Having seen photos of my Great Wall adventure last summer – and taking special note of the treacherous terrain and damaged, ill-maintained wall – my mom requested we visit a different, tamer section. Mutianyu, a more “foreign friendly” and safe part of the wall, was more suitable.

As we approached the wall in the car we’d hired for the day, their cameras shot out. The Great Wall was barely visible on the mountaintops covered in a thick smoggy mist, yet they took photo after photo as I had when I first caught glance of the ancient wall during my July 2009 trip.

Mutianyu was split into two sections – a westward winding uphill path that led to a peak tower great for photos, and a calmer, gently rolling eastward path to a chairlift to the mountain’s base. Mike and I scaled the heights to the peak tower before meeting our mom and making the 1.4-mile walk to the section’s exit.

After we’d seen all the major sights, I decided it was time to introduce mom and Mike to Beijing’s bootleg shopping scene – the Silk Market. Earlier in the week, I took my brother to a local tailor to have a suit made, since I’d promised but failed to get him a fake Armani suit last summer. Having had a suit made for myself last fall, I decided a suit tailored for a Taylor was more appropriate. The price wasn’t bad either – 700 kuai (about $100).

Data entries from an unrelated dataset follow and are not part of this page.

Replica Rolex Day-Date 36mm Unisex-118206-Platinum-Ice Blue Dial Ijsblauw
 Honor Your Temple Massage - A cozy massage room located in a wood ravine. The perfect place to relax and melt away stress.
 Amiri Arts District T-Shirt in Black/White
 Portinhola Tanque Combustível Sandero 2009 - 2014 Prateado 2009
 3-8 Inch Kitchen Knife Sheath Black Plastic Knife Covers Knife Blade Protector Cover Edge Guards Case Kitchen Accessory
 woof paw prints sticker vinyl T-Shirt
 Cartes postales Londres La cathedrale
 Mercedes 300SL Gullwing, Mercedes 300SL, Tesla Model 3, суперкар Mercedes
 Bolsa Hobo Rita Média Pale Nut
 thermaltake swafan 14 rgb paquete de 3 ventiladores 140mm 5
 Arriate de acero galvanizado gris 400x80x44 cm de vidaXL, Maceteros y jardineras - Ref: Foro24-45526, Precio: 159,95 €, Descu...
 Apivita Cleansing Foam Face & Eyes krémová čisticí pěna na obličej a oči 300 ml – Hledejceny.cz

Even so, Mike wanted to pick up a few other things – shoes, slacks and shirts to name a few.

He especially liked bargaining and the comments from the market vendors (“Hey sexy man, you want shirt? Jeans?”). After giving him a few bargaining pointers I set him free. While a bit slow, he eventually caught on and successfully bargained the price for two pairs of shoes down from 4500 kuai ($642) to about 350 ($50). He had the biggest grin on his face when the vendor agreed to his final price. He had played the bargaining game and won a really cool prize.

Mom wasn’t too keen on the bargaining process. “It’s too stressful. I’d rather just pay a set price,” she complained.

“You can pay set prices back home. This is why China is fun,” I said.

A few times I had to slap the calculator used during price negotiations out of my mom’s hands because her offer was close in price to what the vendors were asking. She, too, learned quickly.

Showing my mom and brother around brought back the excitement I’d felt during my first few months in China. I still enjoy living in Beijing, but I’ve grown so used to certain aspects of China that they all seem to mundane now. The visit from my mom and Mike renewed that joy, and brought the warm feelings I’ve always felt from being around my family.